INSTRUCTIONS TO FOLLOW » No line before the one containing "Fototapeta premium Dense" should appear; that line and all lines after it, through the end of the data, are to be set down exactly.

** Opening DATA FOR THIS EXERCISE block **

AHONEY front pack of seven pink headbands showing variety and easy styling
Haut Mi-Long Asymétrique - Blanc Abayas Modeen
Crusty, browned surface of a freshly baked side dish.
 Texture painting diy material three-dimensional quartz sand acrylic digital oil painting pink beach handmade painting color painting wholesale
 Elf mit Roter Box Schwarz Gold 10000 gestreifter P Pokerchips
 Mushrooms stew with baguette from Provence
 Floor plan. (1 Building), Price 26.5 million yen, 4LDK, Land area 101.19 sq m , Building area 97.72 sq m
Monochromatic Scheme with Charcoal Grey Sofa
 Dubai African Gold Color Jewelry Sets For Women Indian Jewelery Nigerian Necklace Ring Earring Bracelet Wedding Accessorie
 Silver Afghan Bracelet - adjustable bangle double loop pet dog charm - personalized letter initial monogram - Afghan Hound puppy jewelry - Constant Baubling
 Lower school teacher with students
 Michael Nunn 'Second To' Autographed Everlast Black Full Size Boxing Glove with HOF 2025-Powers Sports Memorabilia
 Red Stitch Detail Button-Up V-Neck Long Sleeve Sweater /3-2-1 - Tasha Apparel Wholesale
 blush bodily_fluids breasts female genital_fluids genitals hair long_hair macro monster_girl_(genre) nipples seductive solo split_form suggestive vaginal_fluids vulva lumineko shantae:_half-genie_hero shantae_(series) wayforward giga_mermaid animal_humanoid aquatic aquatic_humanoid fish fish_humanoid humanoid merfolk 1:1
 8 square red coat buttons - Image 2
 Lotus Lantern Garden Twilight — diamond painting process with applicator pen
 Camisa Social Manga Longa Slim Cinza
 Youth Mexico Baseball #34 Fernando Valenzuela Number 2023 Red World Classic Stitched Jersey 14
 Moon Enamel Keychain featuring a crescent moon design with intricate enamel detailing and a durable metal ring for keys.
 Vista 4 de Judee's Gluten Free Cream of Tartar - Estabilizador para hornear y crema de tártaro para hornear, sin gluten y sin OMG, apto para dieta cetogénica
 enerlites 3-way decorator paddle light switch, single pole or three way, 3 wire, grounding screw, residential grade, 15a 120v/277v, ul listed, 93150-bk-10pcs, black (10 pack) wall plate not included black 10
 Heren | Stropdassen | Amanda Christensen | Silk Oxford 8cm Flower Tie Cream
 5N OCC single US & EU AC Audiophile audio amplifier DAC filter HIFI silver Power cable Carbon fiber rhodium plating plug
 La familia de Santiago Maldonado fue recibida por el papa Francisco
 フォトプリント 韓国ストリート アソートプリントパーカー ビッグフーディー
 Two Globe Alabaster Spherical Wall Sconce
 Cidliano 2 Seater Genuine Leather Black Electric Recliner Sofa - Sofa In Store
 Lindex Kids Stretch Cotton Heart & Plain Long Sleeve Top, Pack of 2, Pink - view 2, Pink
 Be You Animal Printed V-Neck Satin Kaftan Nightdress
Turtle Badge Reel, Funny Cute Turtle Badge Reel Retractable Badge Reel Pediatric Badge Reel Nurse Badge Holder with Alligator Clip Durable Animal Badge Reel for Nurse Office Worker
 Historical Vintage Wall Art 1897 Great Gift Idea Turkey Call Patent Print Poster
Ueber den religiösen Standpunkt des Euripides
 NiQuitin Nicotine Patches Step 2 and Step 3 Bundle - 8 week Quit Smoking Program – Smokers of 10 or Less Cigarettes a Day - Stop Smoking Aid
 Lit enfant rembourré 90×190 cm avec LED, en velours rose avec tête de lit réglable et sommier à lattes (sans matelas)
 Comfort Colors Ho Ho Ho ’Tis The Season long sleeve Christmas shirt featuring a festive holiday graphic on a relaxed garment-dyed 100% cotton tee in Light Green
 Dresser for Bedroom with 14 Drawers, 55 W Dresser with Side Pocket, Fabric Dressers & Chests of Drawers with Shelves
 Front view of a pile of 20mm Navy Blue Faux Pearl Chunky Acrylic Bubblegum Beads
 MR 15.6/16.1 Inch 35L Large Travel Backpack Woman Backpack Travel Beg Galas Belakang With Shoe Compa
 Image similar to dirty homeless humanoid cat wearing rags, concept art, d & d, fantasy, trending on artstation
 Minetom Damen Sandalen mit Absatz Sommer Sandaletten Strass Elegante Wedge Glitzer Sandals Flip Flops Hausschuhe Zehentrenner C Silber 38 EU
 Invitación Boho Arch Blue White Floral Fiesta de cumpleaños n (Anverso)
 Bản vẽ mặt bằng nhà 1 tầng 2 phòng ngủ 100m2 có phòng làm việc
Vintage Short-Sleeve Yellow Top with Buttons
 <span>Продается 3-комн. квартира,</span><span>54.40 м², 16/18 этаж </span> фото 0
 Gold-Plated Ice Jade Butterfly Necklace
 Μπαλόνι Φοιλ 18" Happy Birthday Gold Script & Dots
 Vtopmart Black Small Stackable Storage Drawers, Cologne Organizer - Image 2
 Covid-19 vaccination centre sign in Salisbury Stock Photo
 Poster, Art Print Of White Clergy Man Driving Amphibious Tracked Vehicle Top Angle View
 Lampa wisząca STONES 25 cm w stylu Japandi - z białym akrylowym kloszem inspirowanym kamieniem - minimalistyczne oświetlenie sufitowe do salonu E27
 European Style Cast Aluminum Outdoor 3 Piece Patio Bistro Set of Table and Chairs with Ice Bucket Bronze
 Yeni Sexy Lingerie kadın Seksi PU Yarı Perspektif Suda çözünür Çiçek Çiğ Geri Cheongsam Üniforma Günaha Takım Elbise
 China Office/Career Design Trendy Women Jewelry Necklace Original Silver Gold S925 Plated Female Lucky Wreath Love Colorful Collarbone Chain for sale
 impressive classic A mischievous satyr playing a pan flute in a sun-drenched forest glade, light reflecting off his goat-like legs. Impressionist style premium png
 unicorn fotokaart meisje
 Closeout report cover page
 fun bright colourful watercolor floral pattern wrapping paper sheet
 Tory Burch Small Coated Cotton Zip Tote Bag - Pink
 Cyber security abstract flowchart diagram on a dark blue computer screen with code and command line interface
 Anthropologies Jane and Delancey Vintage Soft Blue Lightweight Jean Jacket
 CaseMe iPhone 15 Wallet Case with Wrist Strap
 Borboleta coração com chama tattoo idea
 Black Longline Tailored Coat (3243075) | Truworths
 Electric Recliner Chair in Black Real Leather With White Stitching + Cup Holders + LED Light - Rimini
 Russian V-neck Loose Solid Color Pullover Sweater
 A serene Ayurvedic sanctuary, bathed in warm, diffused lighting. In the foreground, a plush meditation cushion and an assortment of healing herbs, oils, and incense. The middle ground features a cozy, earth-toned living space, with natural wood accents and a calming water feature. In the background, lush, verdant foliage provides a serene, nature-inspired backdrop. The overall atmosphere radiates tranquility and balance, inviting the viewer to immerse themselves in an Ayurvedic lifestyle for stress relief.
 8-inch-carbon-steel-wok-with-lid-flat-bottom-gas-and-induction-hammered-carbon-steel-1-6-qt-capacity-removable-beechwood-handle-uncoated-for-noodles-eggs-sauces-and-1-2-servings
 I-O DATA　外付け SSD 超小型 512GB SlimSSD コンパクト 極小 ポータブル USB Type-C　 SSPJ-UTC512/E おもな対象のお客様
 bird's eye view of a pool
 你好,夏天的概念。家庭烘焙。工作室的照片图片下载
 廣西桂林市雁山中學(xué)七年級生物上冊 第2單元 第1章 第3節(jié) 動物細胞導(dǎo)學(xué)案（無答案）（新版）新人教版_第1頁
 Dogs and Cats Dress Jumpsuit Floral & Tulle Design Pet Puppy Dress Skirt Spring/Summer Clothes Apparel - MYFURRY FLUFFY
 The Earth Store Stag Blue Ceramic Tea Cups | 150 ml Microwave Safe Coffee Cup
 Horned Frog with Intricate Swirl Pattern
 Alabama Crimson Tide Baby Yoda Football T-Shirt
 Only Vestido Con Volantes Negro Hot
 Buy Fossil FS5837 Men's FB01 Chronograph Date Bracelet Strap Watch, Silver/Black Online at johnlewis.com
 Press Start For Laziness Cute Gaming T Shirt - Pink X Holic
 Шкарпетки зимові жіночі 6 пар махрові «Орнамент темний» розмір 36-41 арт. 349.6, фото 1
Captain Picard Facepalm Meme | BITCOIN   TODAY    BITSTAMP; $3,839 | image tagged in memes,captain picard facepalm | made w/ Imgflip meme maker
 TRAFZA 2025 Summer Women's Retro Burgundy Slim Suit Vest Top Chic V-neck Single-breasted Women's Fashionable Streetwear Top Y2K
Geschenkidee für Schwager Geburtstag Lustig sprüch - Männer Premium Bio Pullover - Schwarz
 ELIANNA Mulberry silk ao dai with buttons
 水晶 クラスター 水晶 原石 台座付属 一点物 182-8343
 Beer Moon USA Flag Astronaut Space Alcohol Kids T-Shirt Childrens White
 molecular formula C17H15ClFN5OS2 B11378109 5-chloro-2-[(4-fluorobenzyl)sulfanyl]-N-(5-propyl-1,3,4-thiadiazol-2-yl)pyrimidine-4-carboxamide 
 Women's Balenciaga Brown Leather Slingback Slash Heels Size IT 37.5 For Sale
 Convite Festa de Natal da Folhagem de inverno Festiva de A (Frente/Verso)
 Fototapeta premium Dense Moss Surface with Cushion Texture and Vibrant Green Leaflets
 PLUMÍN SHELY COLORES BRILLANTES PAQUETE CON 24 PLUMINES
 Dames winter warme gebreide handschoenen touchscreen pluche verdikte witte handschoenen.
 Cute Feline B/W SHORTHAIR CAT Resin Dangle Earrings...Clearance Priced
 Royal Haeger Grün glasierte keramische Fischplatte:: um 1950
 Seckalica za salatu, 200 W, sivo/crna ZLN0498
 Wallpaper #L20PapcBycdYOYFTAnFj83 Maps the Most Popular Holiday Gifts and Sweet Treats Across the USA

** Closing DATA FOR THIS EXERCISE block **

SOLUTION »
 Fototapeta premium Dense Moss Surface with Cushion Texture and Vibrant Green Leaflets
 PLUMÍN SHELY COLORES BRILLANTES PAQUETE CON 24 PLUMINES
 Dames winter warme gebreide handschoenen touchscreen pluche verdikte witte handschoenen.
 Cute Feline B/W SHORTHAIR CAT Resin Dangle Earrings...Clearance Priced
 Royal Haeger Grün glasierte keramische Fischplatte:: um 1950
 Seckalica za salatu, 200 W, sivo/crna ZLN0498
 Wallpaper #L20PapcBycdYOYFTAnFj83 Maps the Most Popular Holiday Gifts and Sweet Treats Across the USA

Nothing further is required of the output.